How the Internet Has Helped Reinvent and Revitalize Bingo

How the Internet Has Helped Reinvent and Revitalize Bingo


The game was seemingly nearly dead in 1999 – but the past two decades have changed all that

How the Internet Has Helped Reinvent and Revitalize Bingo

The game was seemingly nearly dead in 1999 – but the past two decades have changed all that

What was the world like back in 1999? Do you remember? It’s an interesting question because the truth is, modern life has changed beyond all recognition as a result of the Internet and the services offered by modern technology. Bingo used to be a game only enjoyed by pensioners in Bingo Halls, many of which were closing their doors around this time. The younger generations seemingly had no interest in the game, and the number of players was falling rapidly. It seemed as if Bingo might disappear completely soon.

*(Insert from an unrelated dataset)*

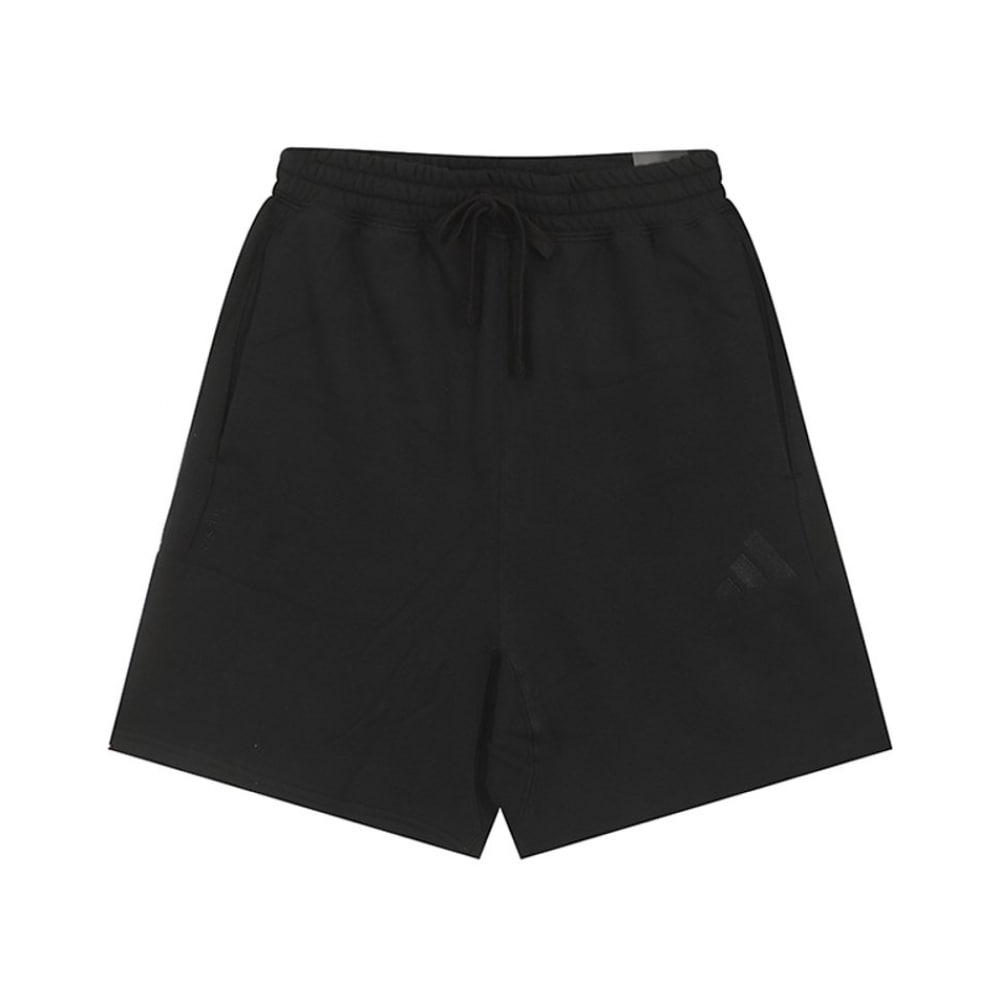 アディダスショーツ ALL SZN フレンチテリーショーツ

One statistic of interest is that during the mid-1960s, more than fourteen million people were registered as Bingo Players at Bingo halls across the United Kingdom. That’s more people than were attending England’s top-flight football games, which seems almost unbelievable today. And yet, despite this, by 1999 the number had dropped to less than two million – that’s a drop of almost 90%.

How Did This Happen?

Whole books have been written that attempt to analyze the reasons for the decline of Bingo. One reason that is most often noted is that the game didn’t change much over the decades. It remained pretty much the same for almost forty years, which made it hard for the game to attract new players.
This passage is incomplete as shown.